*** Extracted material Section Begins ***

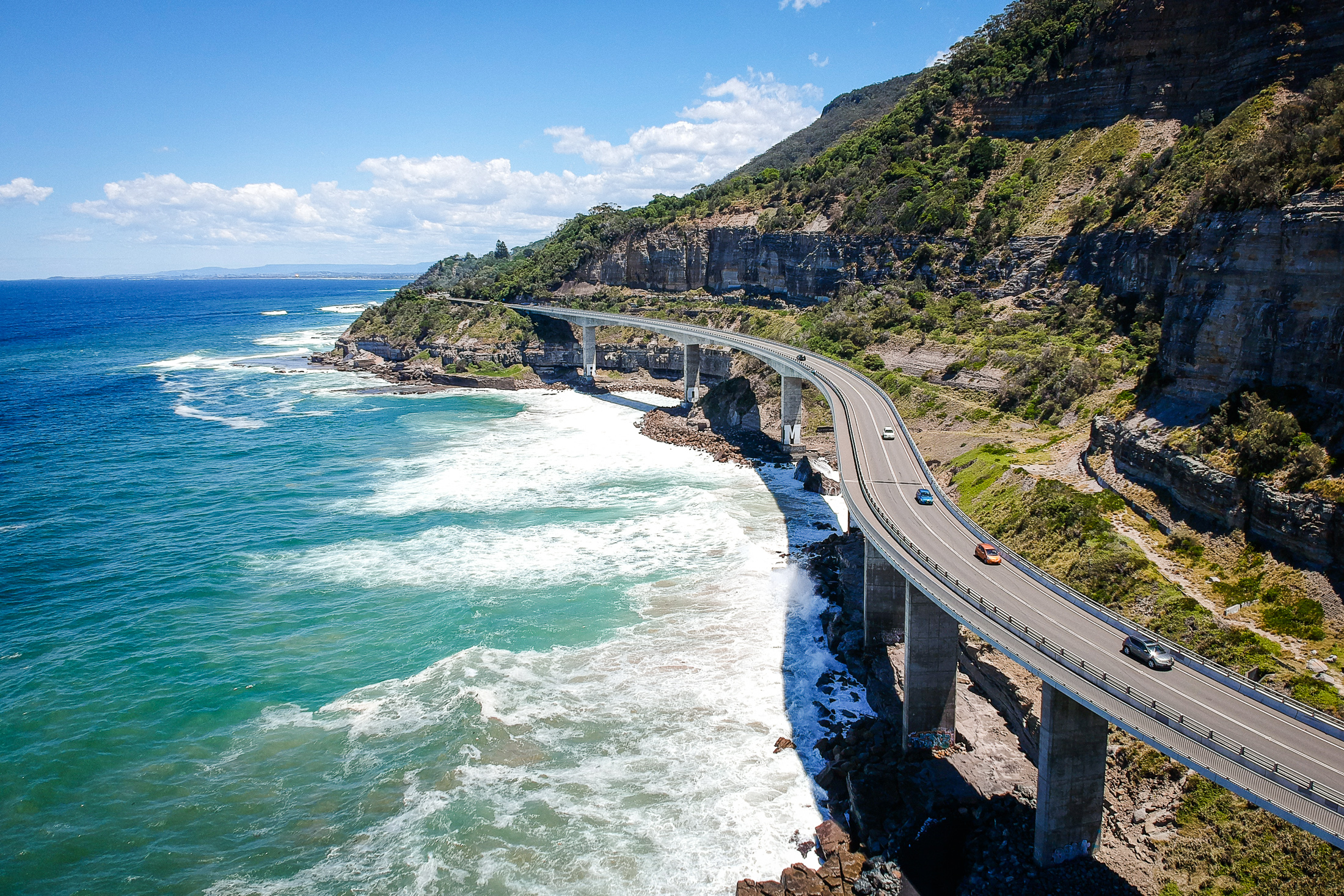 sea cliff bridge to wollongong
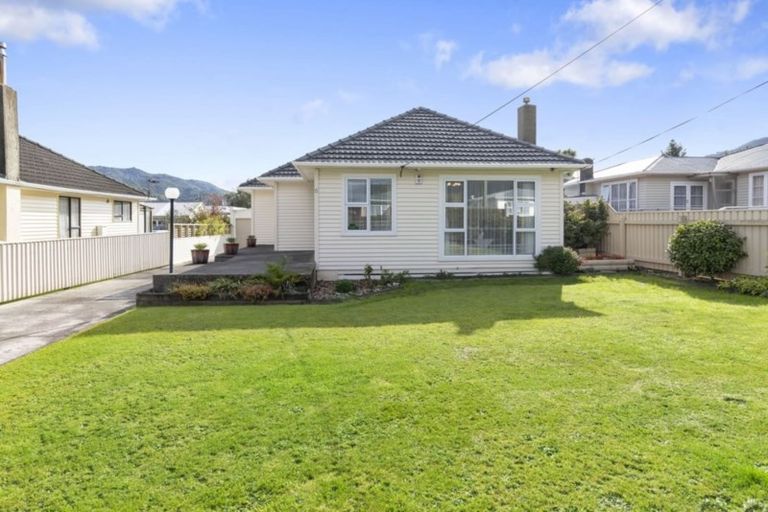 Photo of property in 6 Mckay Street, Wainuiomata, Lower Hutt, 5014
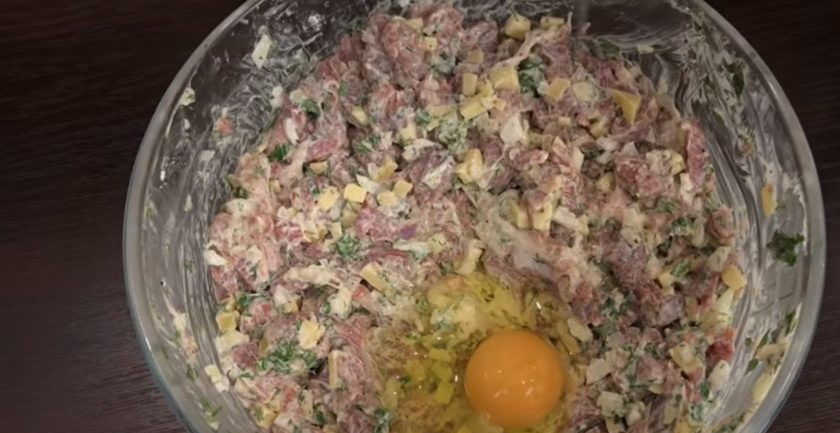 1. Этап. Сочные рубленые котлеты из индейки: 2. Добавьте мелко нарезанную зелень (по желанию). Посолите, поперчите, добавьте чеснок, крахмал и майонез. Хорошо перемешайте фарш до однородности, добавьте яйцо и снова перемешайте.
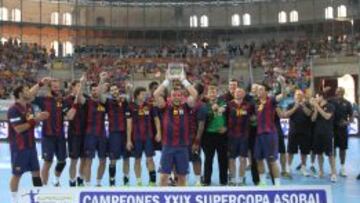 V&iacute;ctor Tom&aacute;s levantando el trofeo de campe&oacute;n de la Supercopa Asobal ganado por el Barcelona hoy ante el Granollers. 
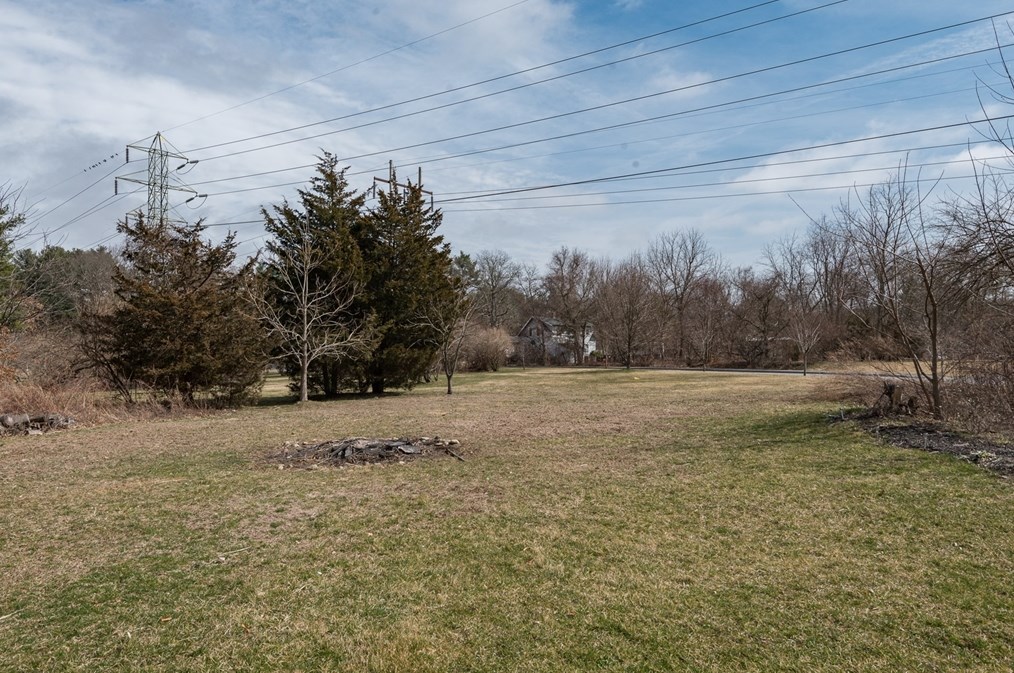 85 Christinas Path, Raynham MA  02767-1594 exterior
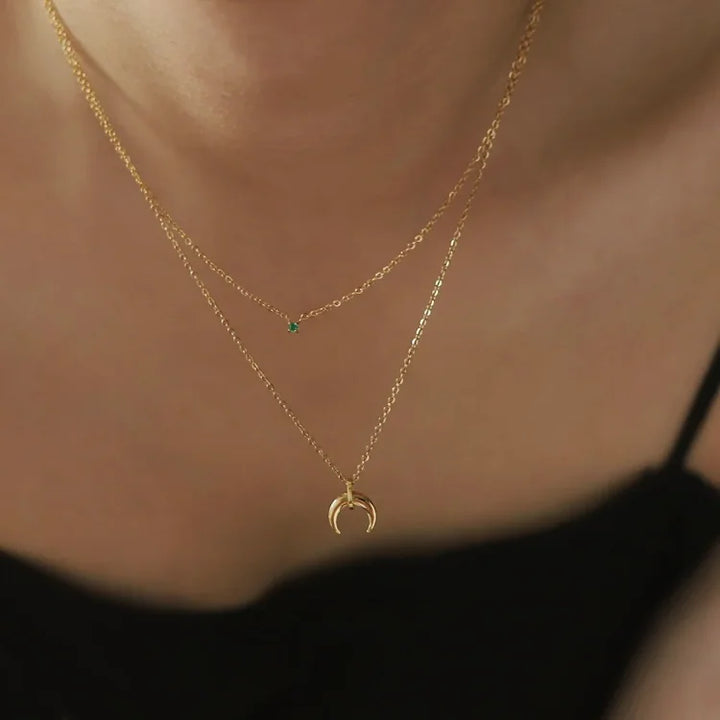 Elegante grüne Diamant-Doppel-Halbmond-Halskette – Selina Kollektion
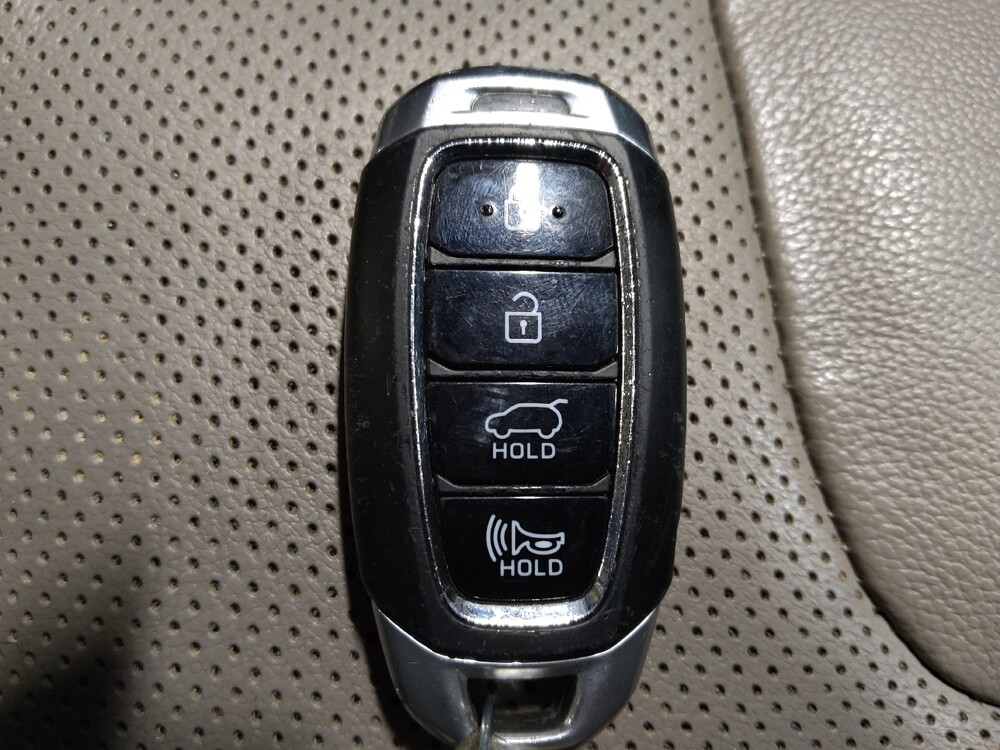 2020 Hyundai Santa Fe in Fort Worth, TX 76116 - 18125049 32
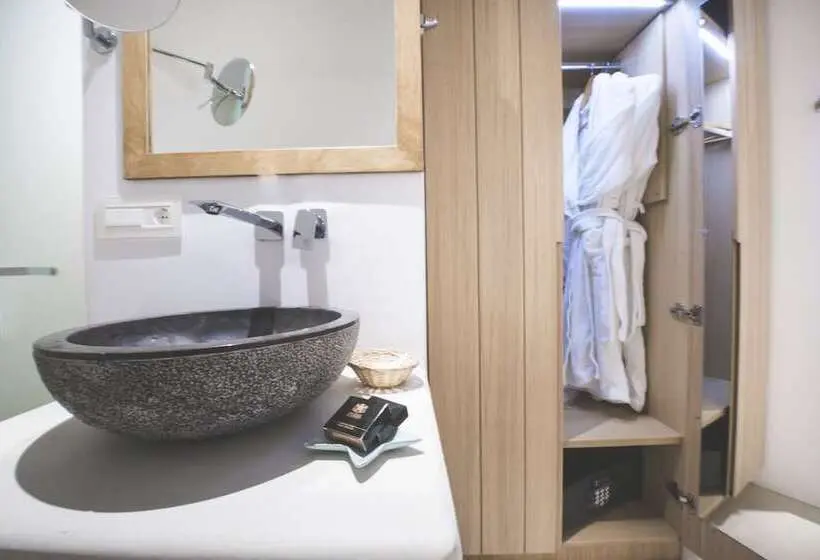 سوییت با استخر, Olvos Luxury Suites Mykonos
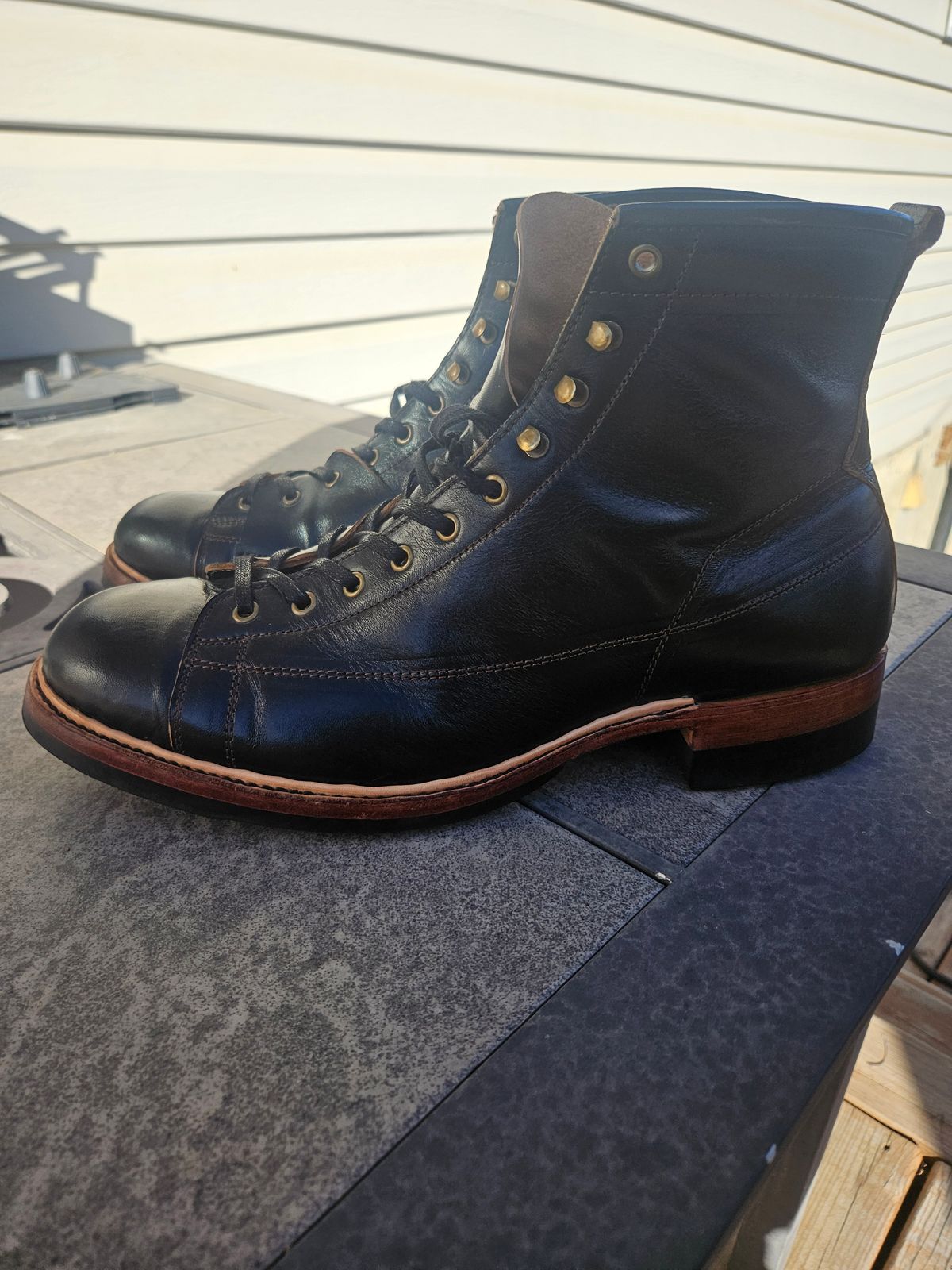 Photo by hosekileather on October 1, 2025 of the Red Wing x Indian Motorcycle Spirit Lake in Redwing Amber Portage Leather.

*** Extracted material Section Ends ***

## Description of the task
The copy you produce must match the entries above exactly, except that it has no pictures.

## Result of this exercise
 sea cliff bridge to wollongong
 Photo of property in 6 Mckay Street, Wainuiomata, Lower Hutt, 5014
 1. Этап. Сочные рубленые котлеты из индейки: 2. Добавьте мелко нарезанную зелень (по желанию). Посолите, поперчите, добавьте чеснок, крахмал и майонез. Хорошо перемешайте фарш до однородности, добавьте яйцо и снова перемешайте.
 V&iacute;ctor Tom&aacute;s levantando el trofeo de campe&oacute;n de la Supercopa Asobal ganado por el Barcelona hoy ante el Granollers. 
 85 Christinas Path, Raynham MA  02767-1594 exterior
 Elegante grüne Diamant-Doppel-Halbmond-Halskette – Selina Kollektion
 2020 Hyundai Santa Fe in Fort Worth, TX 76116 - 18125049 32
 سوییت با استخر, Olvos Luxury Suites Mykonos
 Photo by hosekileather on October 1, 2025 of the Red Wing x Indian Motorcycle Spirit Lake in Redwing Amber Portage Leather.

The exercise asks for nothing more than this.